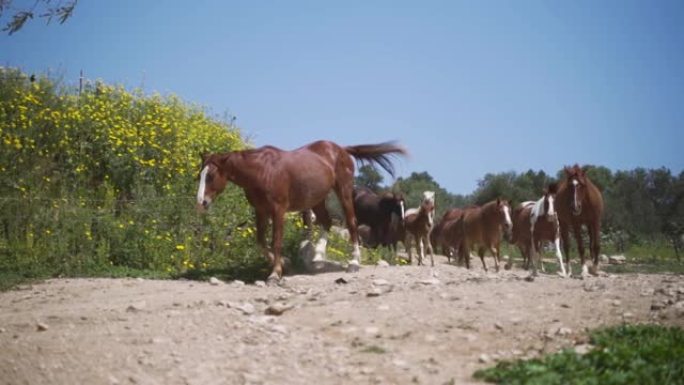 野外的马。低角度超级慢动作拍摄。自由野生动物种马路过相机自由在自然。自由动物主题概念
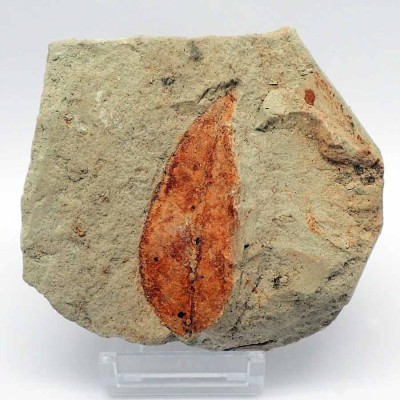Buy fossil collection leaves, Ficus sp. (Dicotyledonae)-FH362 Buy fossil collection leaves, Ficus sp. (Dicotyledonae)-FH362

★ ★ ★ ★

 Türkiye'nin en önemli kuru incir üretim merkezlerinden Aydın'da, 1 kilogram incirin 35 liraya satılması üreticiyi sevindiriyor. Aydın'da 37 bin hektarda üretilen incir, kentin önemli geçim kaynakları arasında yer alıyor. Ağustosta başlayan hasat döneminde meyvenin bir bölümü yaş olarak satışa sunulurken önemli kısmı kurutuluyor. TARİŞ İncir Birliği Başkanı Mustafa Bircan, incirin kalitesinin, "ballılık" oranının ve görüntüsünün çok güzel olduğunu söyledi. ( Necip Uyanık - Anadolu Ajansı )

★ ★ ★ ★

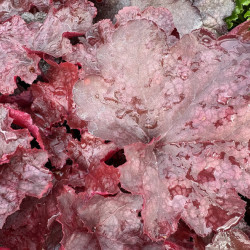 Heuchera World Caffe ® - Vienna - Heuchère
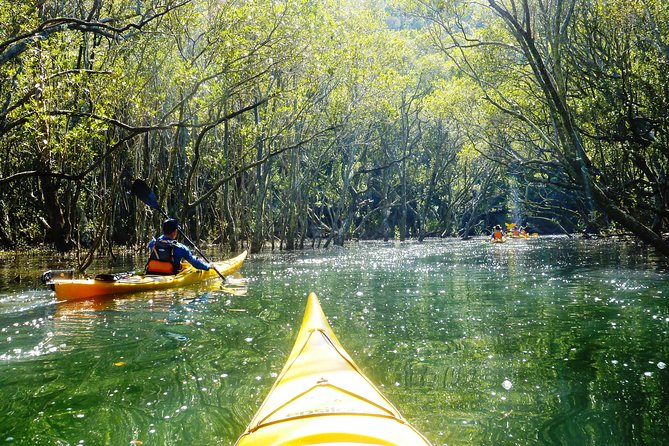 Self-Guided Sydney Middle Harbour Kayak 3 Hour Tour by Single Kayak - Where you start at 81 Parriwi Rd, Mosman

★ ★ ★ ★

Exercise instructions:
Using the records above, return verbatim only the part that opens with the line containing "Heuchera World Caffe ® - Vienna - Heuchère" and closes with the line containing "Self-Guided Sydney Middle"; pictures stay out.

Reply to the exercise:
 Heuchera World Caffe ® - Vienna - Heuchère
 Self-Guided Sydney Middle Harbour Kayak 3 Hour Tour by Single Kayak - Where you start at 81 Parriwi Rd, Mosman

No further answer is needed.